Friday, February 22, 2013

Iraqi-Jewish building to become heritage site

The Iraqi newspaper Alsumaria News has reported that a building constructed by a Jewish merchant in the city of Diwaniya will become a heritage site. The article fudges the circumstances surrounding the Jewish exodus, but it is a good sign that some physical evidence of the ancient Jewish presence is being preserved. Here is a rough translation (with thanks: Aymenn):

Diwaniya province announced Wednesday that it would convert a building built by the Jews early last century into a  heritage building: guards will protect the building to maintain its features, while the Ministry of Antiquities will offer to buy it from its owners.

The director of the heritage center in the province of Diwaniyah, 180 km from Baghdad.

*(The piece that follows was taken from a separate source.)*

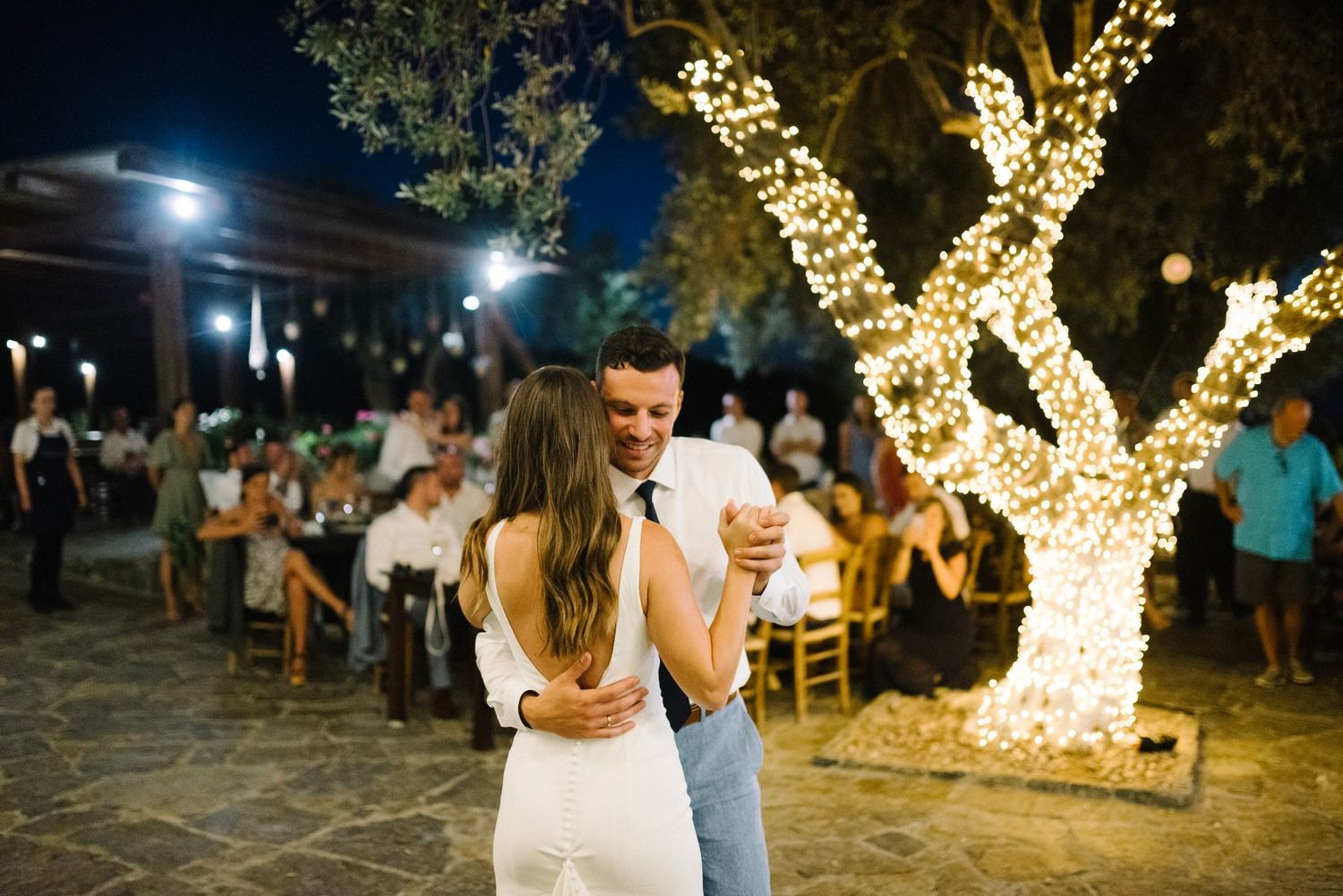 couple first dance at their wedding at agreco farms in crete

Ghalib al-Kaabi said in an interview with Alsumaria News that a decision had been issued by the Ministry of Tourism and Antiquities to name a building constructed in heart of the commercial center of the city of Diwaniya, a heritage site.

The building, which consists of two floors and covers an area of more than 400m, dates back to the 1920s and was built by a Jewish merchant named Sasson Khadouri.

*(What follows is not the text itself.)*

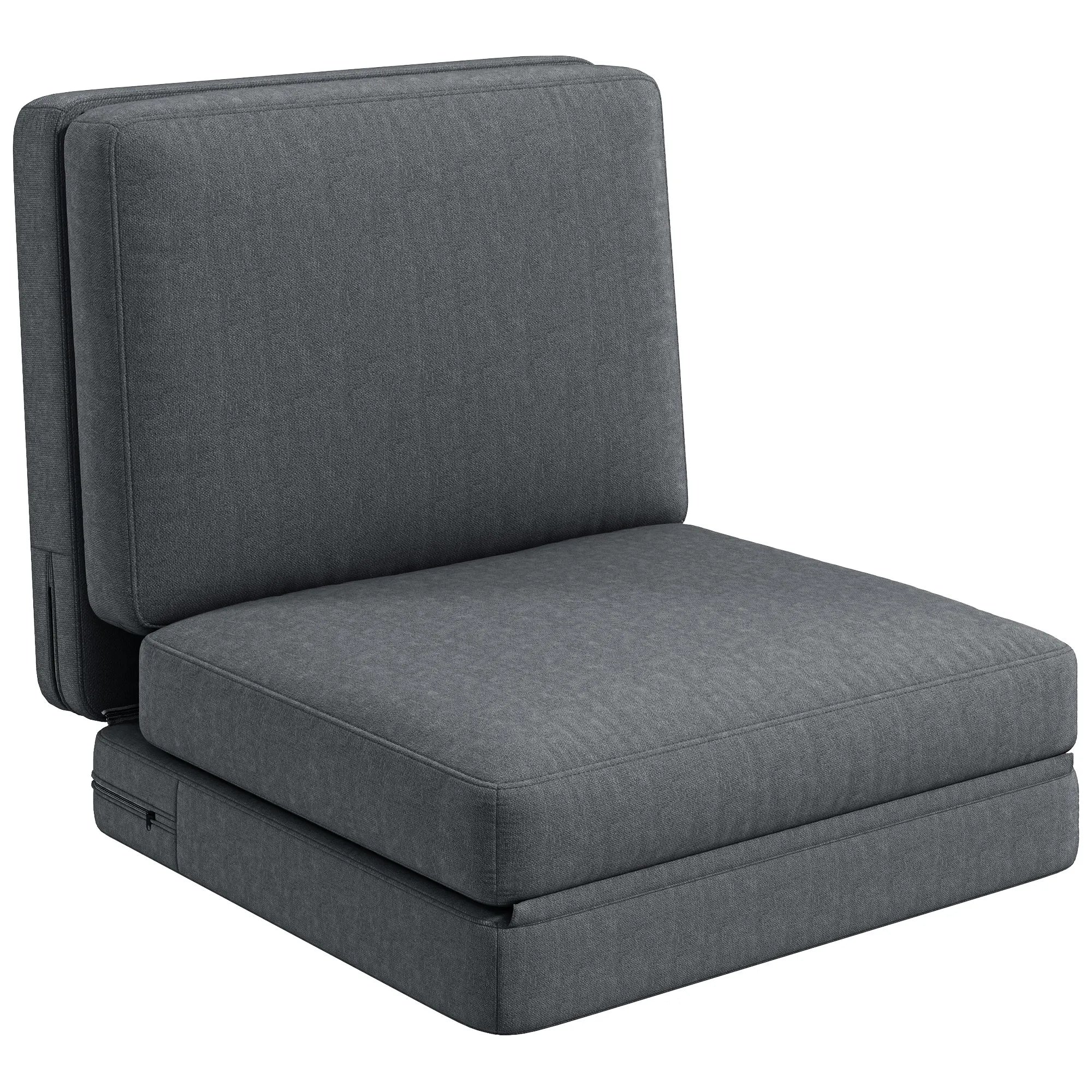 Sofa-lova ant grindų transformuojama, 268 cm, tamsiai pilka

The present owners would be "barred from selling to any party other than the Minister of Tourism or change the character of the building according to the law."

The building is eligible to be a first class tourist site for its architectural style and unique inscriptions.

It is noteworthy that Iraq was home to a large number of followers of Judaism in the past, but many of them left the country in waves of mass displacement  after the establishment of the State of Israel in the aftermath of the war between Arabs and Israelis in 1948. Iraqi Jews were a sector rich and active within Iraqi society.